Por outro lado, a atuação dos bancos centrais de importantes países, na avaliação de Prasad, tem sido um alento em meio à essa crise. Agilidade, ousadia e criatividade são algumas das palavras usadas para caracterizar a política monetária que tem sido implementada como forma de garantir estímulos monetários e fiscais tão necessários para evitar um colapso econômico global. A independência política dessas instituições nunca foi tão importante, ainda mais agora que os bancos centrais se apresentam mais uma vez como principal linha de frente contra crises econômicas e financeiras.
Retração econômica
Adam Tooze, historiador britânico e diretor do Instituto Europeu na Universidade de Columbia, considera que nosso conhecimento sobre economia e finanças foi, mais uma vez, radicalmente perturbado pela pandemia da Covid 19. Desde 2008, ano da última grande crise global, houve muita discussão sobre a necessidade de contar com o risco de movimentos econômicos intensos, mas nossa imaginação não conseguiu prever algo tão radical como o que estamos vivendo.
Para Tooze, “estamos testemunhando o maior esforço fiscal combinado desde a Segunda Guerra Mundial, mas já está claro que a primeira rodada de medidas pode não ser suficiente. Existem poucas ilusões sobre as acrobacias sem precedentes que os bancos centrais estão realizando. Para lidar com os passivos acumulados, a história sugere algumas alternativas radicais, incluindo uma explosão da inflação ou um padrão público organizado (que não seria tão drástico quanto parece se afetasse as dívidas do governo mantidas pelos bancos centrais)”. A solução está mesmo no passado ou o momento exige inovação nas estratégias macroeconômicas?
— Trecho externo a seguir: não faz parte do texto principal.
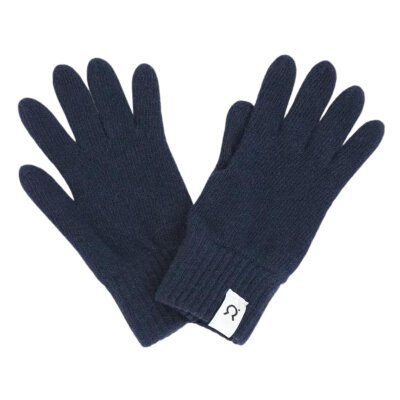 Damen Handschuhe Anita Blue Mora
Tooze afirma que, infelizmente, o que se espera do poder público é uma onda de austeridade diante das dívidas acumuladas, e das empresas e famílias, que terão aversão ao risco nos investimentos o que provocará fuga de capitais para ambientes mais “seguros” (dólar). O resultado dessa combinação, para ele, é fácil de se prever: um longo período de retração econômica sem diminuição de desigualdades.
União
Marcos Gouvêa de Souza, fundador do grupo GS& e um dos maiores especialistas em varejo do país, entende que o empresário brasileiro possui todas as características necessárias para a reconstrução da economia quando o impacto da Covid 19 passar. As turbulências políticas e econômicas que ocorrem no Brasil há décadas ajudou a formar uma cultura empreendedora com muita resiliência, adaptabilidade e comprometimento, que se reflete nos principais executivos do varejo nacional e que sintetiza os atributos necessários para estabelecer um novo ambiente de negócios.
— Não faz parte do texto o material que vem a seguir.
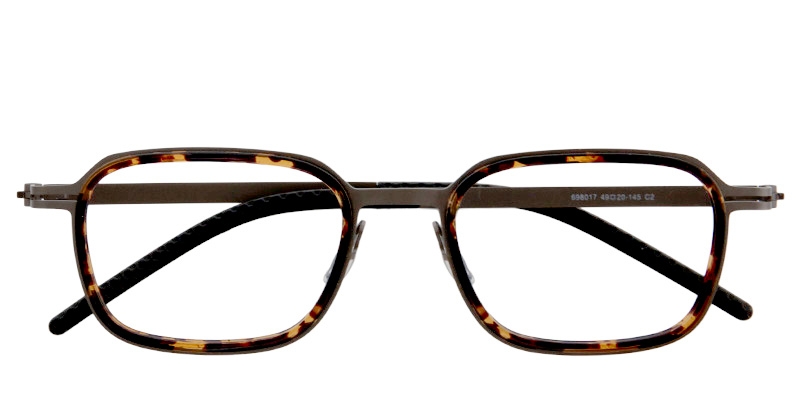 Picture of Havela Glasses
Em termos de ações governamentais para amenizar os impactos econômicos da pandemia, Marcos Gouvêa afirma que é o momento do Estado reduzir a burocracia e oferecer soluções para que micro e pequenas empresas tenham acesso ao crédito de forma simples e barata. Somente desta maneira será possível salvar empresas e empregos no curto prazo, e permitirá a recuperação de negócios e estruturas produtivas quando o pico da pandemia passar.
Outro aspecto destacado pelo especialista é a importância da união dos varejistas na busca de maior protagonismo junto ao Congresso Nacional e ao Poder Executivo, movimento essencial para a construção de políticas públicas que atendam às necessidades do setor. Segundo o especialista, isso não significa lutar por privilégios ou benesses, mas sim oferecer condições adequadas a um setor que gera a maior parte dos empregos e que representa uma parcela elevada do PIB brasileiro. Para Marcos Gouvêa o associativismo empresarial deve ser fortalecido por meio de entidades sérias e atuantes, que estimulem a integração, a troca de experiências e a construção de estratégias unificadas para a legítima defesa de seus interesses.